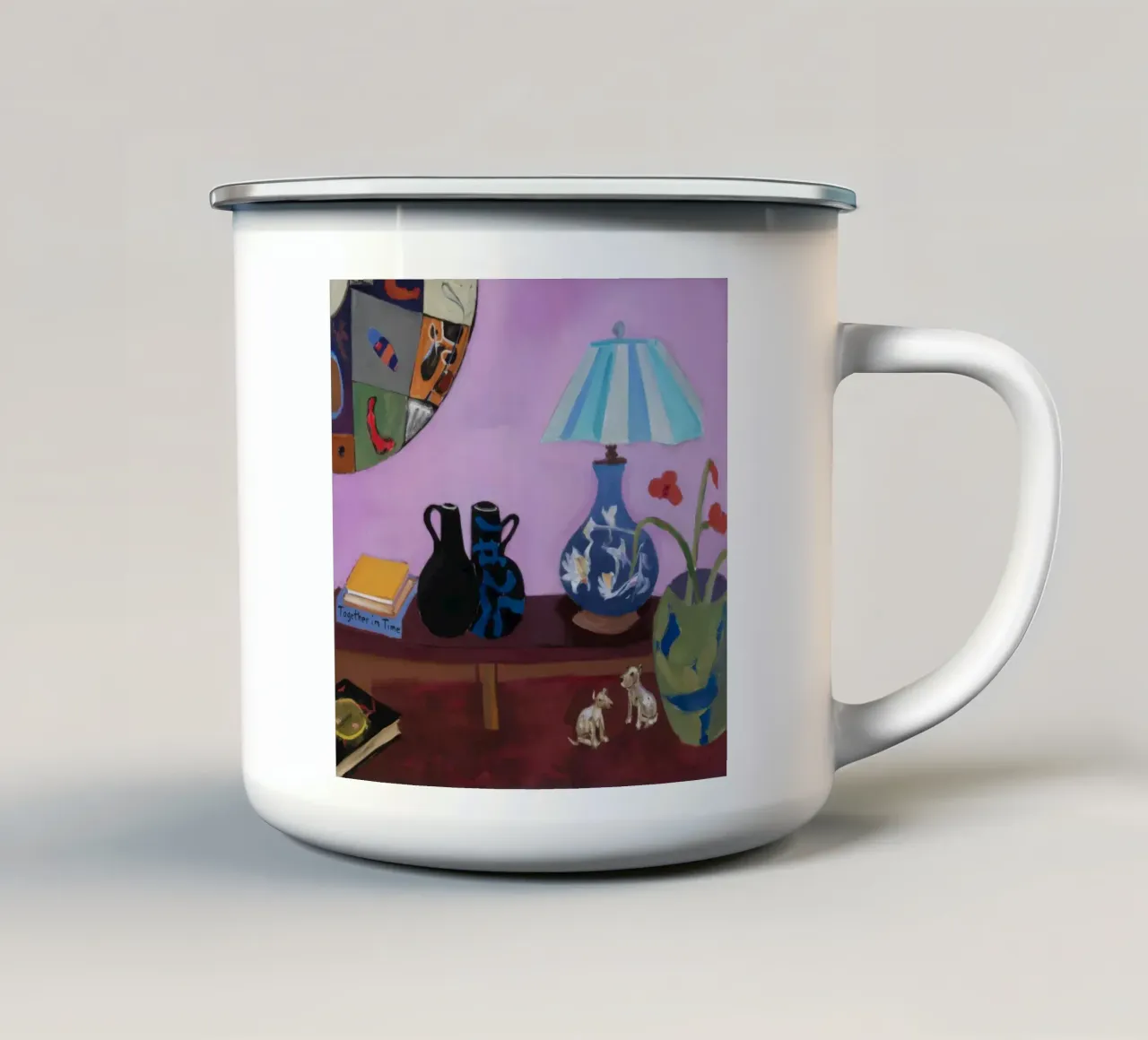 Menagerie di lampade color malva tazza in smalto da Opal Strokes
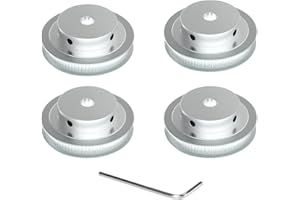 ZIZISHU Super Print GT2 Poulie 80 Dents Bore 5mm 6mm Width Timing Belt Pulley Aluminum 80T 5mm bore Pulley Wheel for Voron 2.4 for 6mm Width GT2 Timing Belt for 3D Printer,CNC (4pcs)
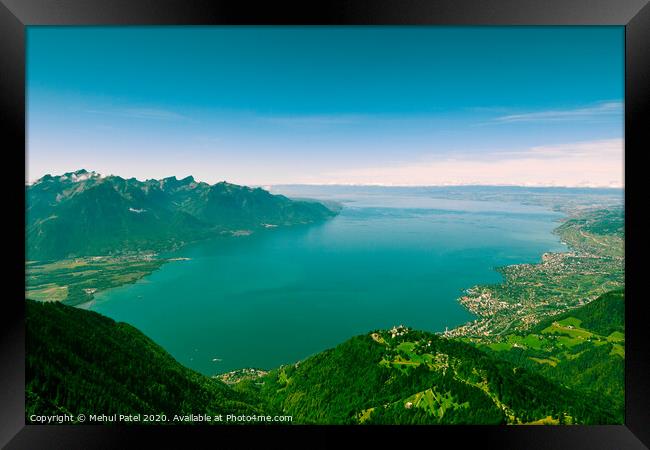 Viewpoint from Rochers-de-Naye overlooking Lake Geneva and town of Montreux, Switzerland Framed Print by Mehul Patel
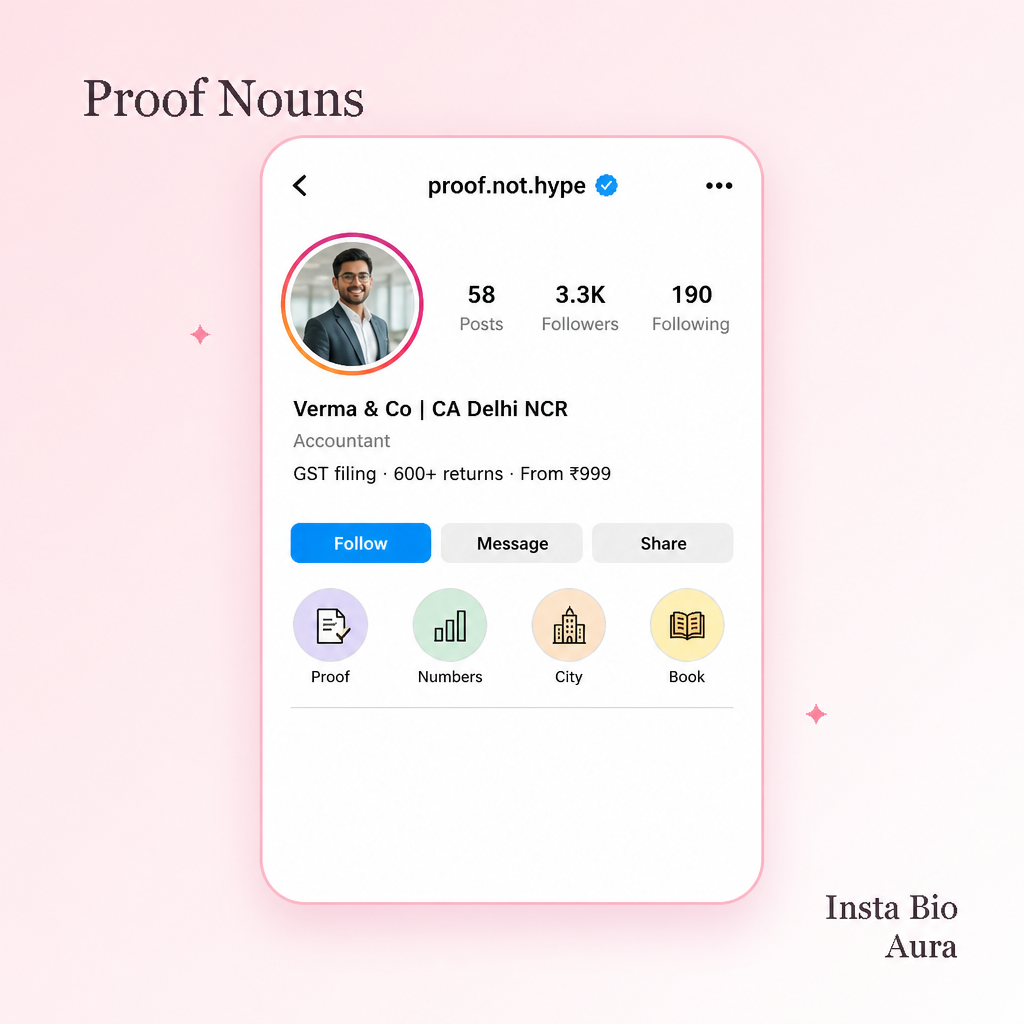 How to make a unique Instagram business bio with proof nouns and city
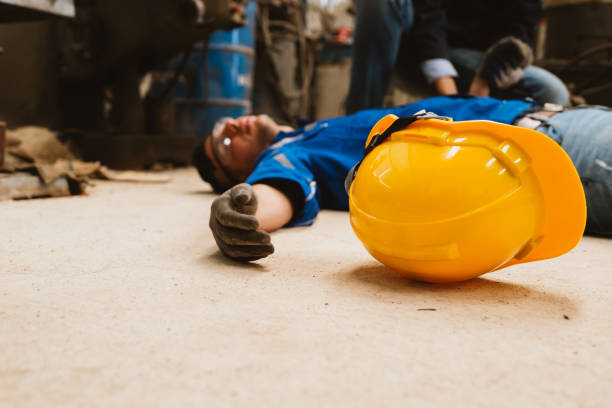 istock Engineer worker with accident at factory 1470003355
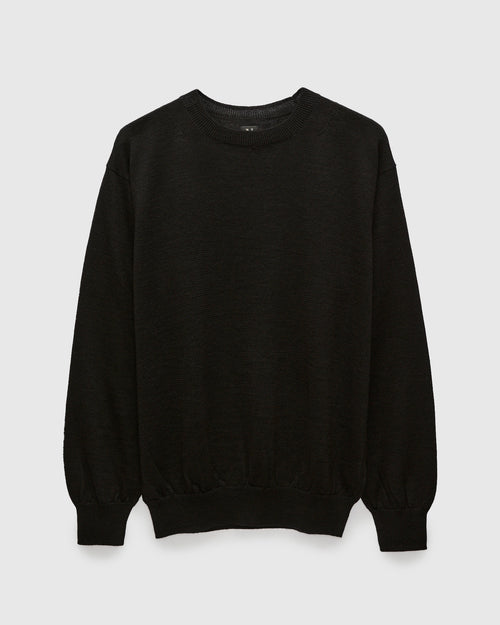 Ramie Wool Crewneck Sweater in Black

▬▬▬▬▬▬▬▬▬▬

_The task_. Reproduce all of the material above word for word. Omit the pictures.

_Exercise response_.
 Menagerie di lampade color malva tazza in smalto da Opal Strokes
 ZIZISHU Super Print GT2 Poulie 80 Dents Bore 5mm 6mm Width Timing Belt Pulley Aluminum 80T 5mm bore Pulley Wheel for Voron 2.4 for 6mm Width GT2 Timing Belt for 3D Printer,CNC (4pcs)
 Viewpoint from Rochers-de-Naye overlooking Lake Geneva and town of Montreux, Switzerland Framed Print by Mehul Patel
 How to make a unique Instagram business bio with proof nouns and city
 istock Engineer worker with accident at factory 1470003355
 Ramie Wool Crewneck Sweater in Black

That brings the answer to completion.